Ortiz-Button was only the most recent in a series of cases involving professionals in the health care field. Earlier this year, Aaron and Michelle Clark of Sault Ste. Marie, Michigan pled
guilty to charges of health care fraud stemming from a scheme to defraud Medicare and Blue Cross Blue Shield of Michigan through their operation of Superior Physical Therapy in Sault Ste. Marie. That indictment charged that Aaron and Michelle Clark utilized a variety of schemes to fraudulently obtain payments in excess of $500,000.00 for physical therapy services that were either not reimbursable or that were never provided to patients. The Clarks’ sentencings are scheduled before U.S. District Judge Robert Holmes Bell on April 12, 2011. On December 15, 2010, Robert D’Amour, 50, a dentist from Kingsford, was sentenced to 14 months’ imprisonment for a felony conviction of illegal distribution of narcotics outside the normal course of professional practice. D’Amour was also ordered to forfeit $50,000 and to pay a $10,000 fine.

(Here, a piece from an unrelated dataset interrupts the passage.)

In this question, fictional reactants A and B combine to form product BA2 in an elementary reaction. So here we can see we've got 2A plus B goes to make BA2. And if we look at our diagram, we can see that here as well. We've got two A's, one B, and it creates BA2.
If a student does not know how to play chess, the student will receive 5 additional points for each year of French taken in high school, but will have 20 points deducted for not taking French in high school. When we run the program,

U.S. Attorney Davis noted that U.S. Attorney General Eric Holder and Secretary of Health and Human Services Kathleen Sebelius were in Detroit, Michigan this week for a Health Care Fraud Summit to address both the impact of health care fraud and the efforts to identify and prosecute various schemes to defraud private and public health insurance programs. The summit brought together federal, state, and local partners to highlight fraud prevention efforts, provide information about how patients and companies in the public and private sector can protect themselves from fraud, and discuss innovative ways to eliminate fraud in the U.S. health care system. U.S. Attorney Davis noted that “the presence of Attorney General Holder and Secretary Sebelius in Michigan demonstrates that protecting the integrity of our private and public health care insurance systems in of paramount importance to the Department of Justice. This most recent sentencing is another warning to health care professionals who abuse the trust that our health care system places on their professional conduct. Federal agencies will continue to pursue professionals who submit false or exaggerated claims for reimbursements or prescribe outside of the normal course of professional practice. Medical professionals who abuse this trust or obstruct investigations will face consequences that include incarceration, fines, and loss of the ability to participate with insurance providers in the future.”